[[ RECORDS FOR THIS TASK open ]]

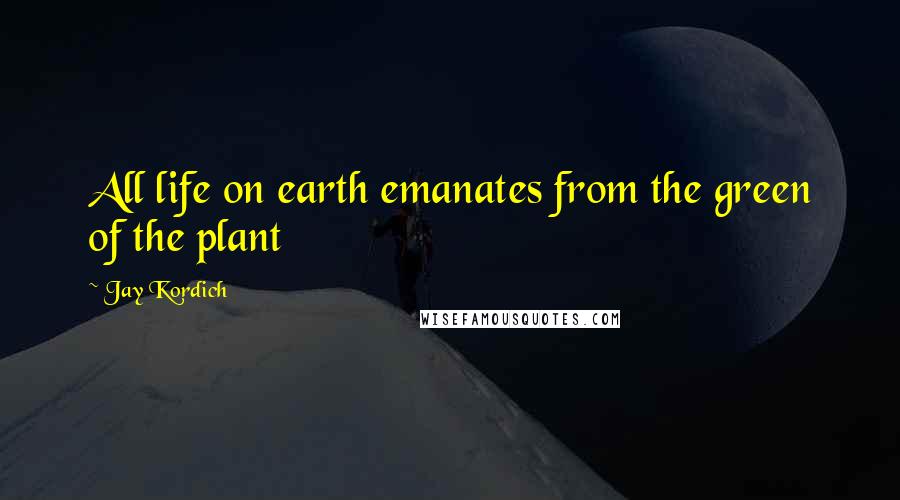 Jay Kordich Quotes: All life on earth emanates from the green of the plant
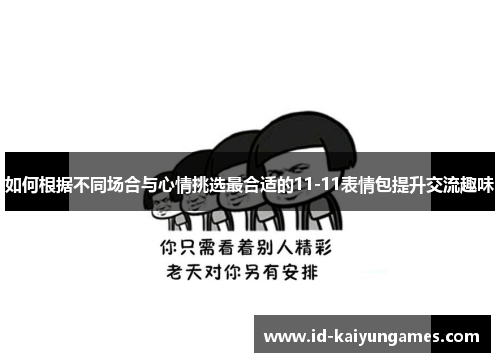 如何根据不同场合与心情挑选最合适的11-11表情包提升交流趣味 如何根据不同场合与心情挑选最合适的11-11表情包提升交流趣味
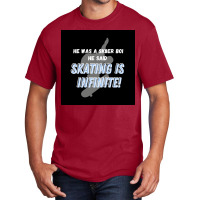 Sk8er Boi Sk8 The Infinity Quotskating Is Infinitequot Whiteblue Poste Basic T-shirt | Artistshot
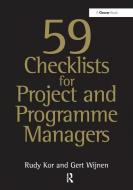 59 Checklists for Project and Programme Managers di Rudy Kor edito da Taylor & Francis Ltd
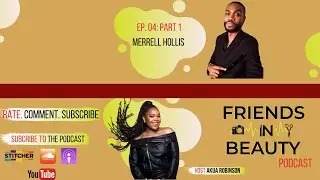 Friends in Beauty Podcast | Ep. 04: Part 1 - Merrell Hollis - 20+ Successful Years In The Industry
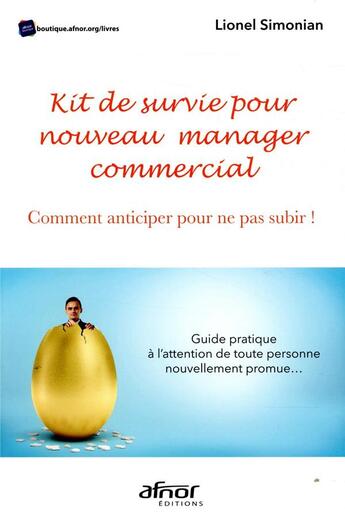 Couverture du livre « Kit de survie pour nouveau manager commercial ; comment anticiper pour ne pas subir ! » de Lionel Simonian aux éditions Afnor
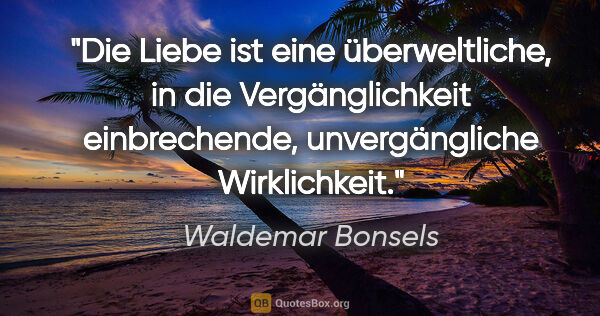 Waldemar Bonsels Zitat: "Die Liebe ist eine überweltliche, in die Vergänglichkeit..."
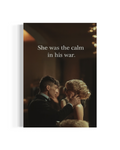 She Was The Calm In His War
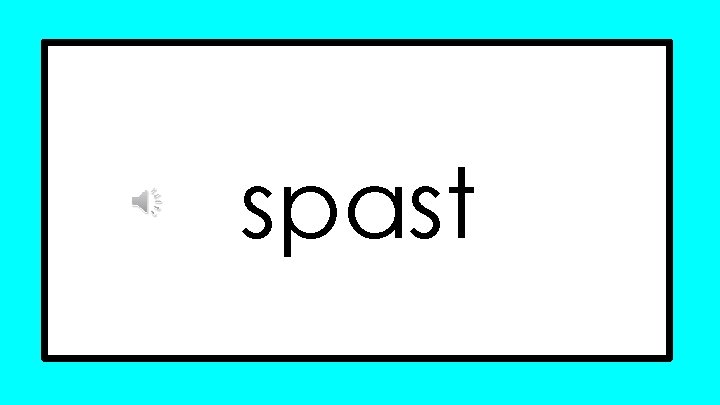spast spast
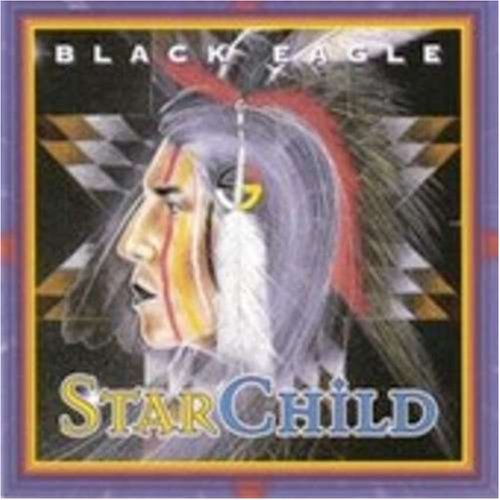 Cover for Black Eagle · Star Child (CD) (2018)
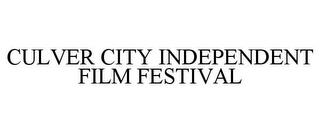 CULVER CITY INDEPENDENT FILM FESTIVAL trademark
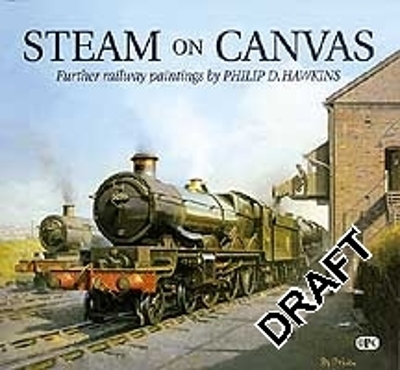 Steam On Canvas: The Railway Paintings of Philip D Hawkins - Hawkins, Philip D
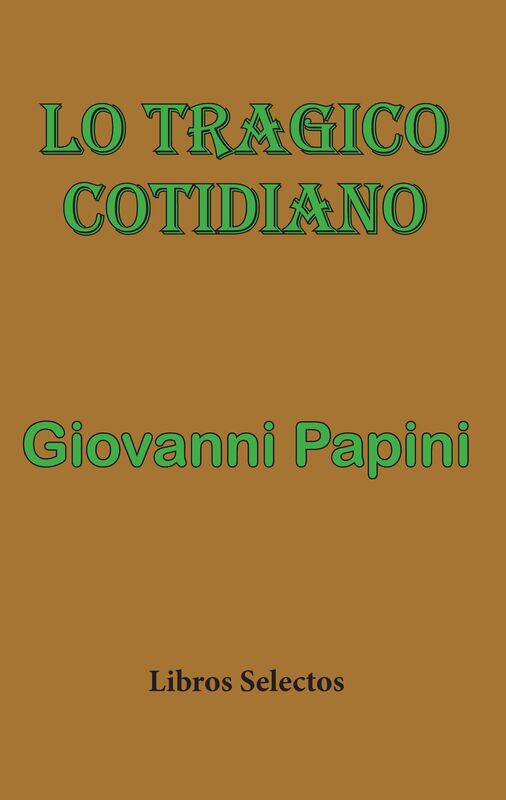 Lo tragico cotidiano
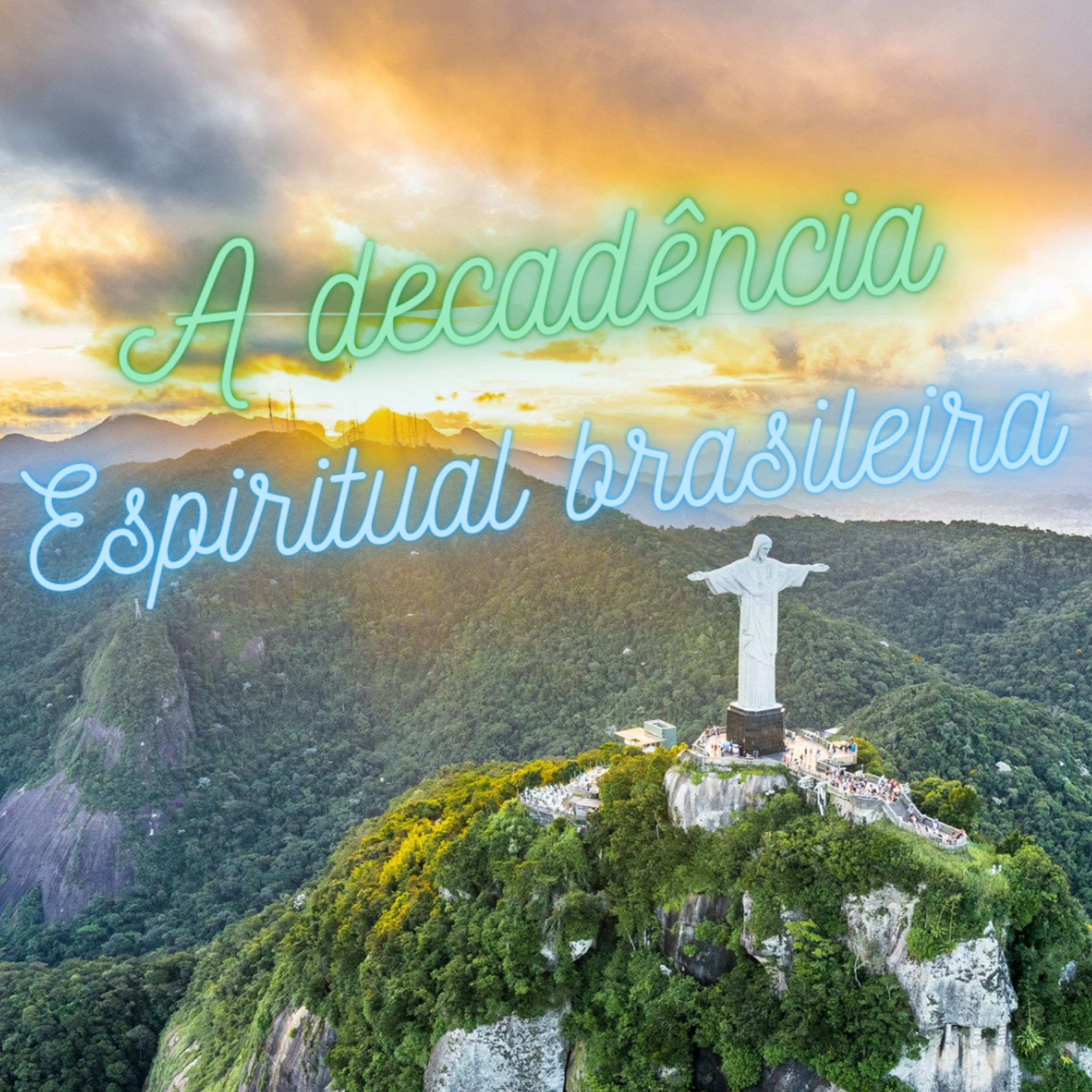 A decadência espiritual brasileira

[[ RECORDS FOR THIS TASK closed ]]

• **WORK INSTRUCTION**
Since only the text is needed, retype the data above exactly and omit the pictures.

• **SOLUTION TO THIS PROBLEM**
 Jay Kordich Quotes: All life on earth emanates from the green of the plant
 如何根据不同场合与心情挑选最合适的11-11表情包提升交流趣味 如何根据不同场合与心情挑选最合适的11-11表情包提升交流趣味
 Sk8er Boi Sk8 The Infinity Quotskating Is Infinitequot Whiteblue Poste Basic T-shirt | Artistshot
 59 Checklists for Project and Programme Managers di Rudy Kor edito da Taylor & Francis Ltd
 Friends in Beauty Podcast | Ep. 04: Part 1 - Merrell Hollis - 20+ Successful Years In The Industry
 Couverture du livre « Kit de survie pour nouveau manager commercial ; comment anticiper pour ne pas subir ! » de Lionel Simonian aux éditions Afnor
 Waldemar Bonsels Zitat: "Die Liebe ist eine überweltliche, in die Vergänglichkeit..."
 She Was The Calm In His War
spast spast
 Cover for Black Eagle · Star Child (CD) (2018)
 CULVER CITY INDEPENDENT FILM FESTIVAL trademark
 Steam On Canvas: The Railway Paintings of Philip D Hawkins - Hawkins, Philip D
 Lo tragico cotidiano
 A decadência espiritual brasileira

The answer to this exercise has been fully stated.